A professor at the head of BU’s Global Development Policy (GDP) Center has an eye to a growing climate (and financial) crisis and how to help. Developing countries need to accelerate investment in climate adaptation and improvement, but dozens spend more paying down interest on their loans than they do on health and education.

Kevin Gallagher leads the Global Development Policy Center, which is helping financially vulnerable countries preserve and advance climate initiatives.

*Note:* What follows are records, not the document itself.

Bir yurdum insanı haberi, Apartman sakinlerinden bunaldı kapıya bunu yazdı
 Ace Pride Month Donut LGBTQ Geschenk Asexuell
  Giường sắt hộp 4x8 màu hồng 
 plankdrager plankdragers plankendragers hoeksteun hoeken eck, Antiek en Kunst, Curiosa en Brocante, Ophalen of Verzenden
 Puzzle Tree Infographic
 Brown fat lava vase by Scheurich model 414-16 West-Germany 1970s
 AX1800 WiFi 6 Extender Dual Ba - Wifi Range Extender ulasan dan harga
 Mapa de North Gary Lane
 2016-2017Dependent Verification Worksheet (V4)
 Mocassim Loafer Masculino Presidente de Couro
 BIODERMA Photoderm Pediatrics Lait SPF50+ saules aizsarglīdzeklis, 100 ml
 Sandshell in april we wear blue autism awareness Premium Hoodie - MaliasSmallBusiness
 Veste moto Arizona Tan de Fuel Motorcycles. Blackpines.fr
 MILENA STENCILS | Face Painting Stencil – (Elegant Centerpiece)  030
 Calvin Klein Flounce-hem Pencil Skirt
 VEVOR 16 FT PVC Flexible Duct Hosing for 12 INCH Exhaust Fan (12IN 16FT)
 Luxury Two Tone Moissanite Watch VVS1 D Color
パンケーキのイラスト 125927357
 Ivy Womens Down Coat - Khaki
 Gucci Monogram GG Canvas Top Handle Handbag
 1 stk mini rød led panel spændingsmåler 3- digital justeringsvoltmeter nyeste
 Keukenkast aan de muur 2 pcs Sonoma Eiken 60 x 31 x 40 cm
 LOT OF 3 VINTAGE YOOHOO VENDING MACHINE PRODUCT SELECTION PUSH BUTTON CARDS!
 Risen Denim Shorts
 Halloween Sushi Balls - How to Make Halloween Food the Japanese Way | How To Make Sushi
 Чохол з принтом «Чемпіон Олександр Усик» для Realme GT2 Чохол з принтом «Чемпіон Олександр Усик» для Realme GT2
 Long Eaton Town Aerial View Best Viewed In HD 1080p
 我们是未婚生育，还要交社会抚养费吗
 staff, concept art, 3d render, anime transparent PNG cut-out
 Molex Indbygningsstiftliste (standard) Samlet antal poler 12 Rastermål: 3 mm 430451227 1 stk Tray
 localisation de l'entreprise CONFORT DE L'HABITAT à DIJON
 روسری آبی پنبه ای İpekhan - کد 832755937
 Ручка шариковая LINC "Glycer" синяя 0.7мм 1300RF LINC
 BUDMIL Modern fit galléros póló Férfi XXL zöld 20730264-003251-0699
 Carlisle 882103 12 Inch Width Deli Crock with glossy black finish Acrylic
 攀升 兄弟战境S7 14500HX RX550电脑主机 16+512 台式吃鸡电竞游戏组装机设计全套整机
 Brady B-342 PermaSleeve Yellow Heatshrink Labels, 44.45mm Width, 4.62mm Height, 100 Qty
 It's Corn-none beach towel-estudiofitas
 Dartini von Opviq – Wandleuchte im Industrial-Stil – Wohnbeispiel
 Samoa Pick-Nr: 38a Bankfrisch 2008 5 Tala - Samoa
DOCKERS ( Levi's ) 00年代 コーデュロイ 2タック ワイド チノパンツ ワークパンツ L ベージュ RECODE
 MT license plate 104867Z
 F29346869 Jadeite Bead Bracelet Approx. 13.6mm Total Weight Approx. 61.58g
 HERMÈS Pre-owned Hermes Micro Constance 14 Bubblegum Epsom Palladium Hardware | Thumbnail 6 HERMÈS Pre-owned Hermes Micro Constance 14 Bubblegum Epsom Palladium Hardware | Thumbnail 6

Kevin Gallagher and the GDP Center he directs have a robust plan to address this crisis. The professor of global development policy at the Frederick S. Pardee School of Global Studies is part of an international collaboration advancing debt relief to aid these countries in a green and inclusive recovery. As the international community works to dig out of this crisis and avoid future ones, the research group proposes steps to help struggling countries recover financially while continuing to invest in climate and development. By granting significant debt reductions, loans can be restructured to help countries transition to sustainable, low-carbon economies.

There is, in fact, an existing framework to restructure overloaded debt burdens, but it has flaws. For example, middle-income countries cannot participate, it does not suggest a way to bring all creditors to the table, and the debt relief it provides is not forward-thinking enough to produce sustainable change.

In contrast, the plan from the GDP Center is “really about letting everybody in, creating incentives for all creditors, and linking the debt relief to social and environmental goals,” says Gallagher. “[It’s] not just turning the lights back on.”

Individual countries—despite their financial struggles—can do their part in achieving environmental and sustainability goals. Gallagher believes this plan truly lives up to the mandate of the GDP Center: “What is a nonpartisan, empirically based, theoretically driven way of dealing with this, that doesn’t take a side with bondholders or governments? Hopefully, it can help the policy discourse and turn into policy change.”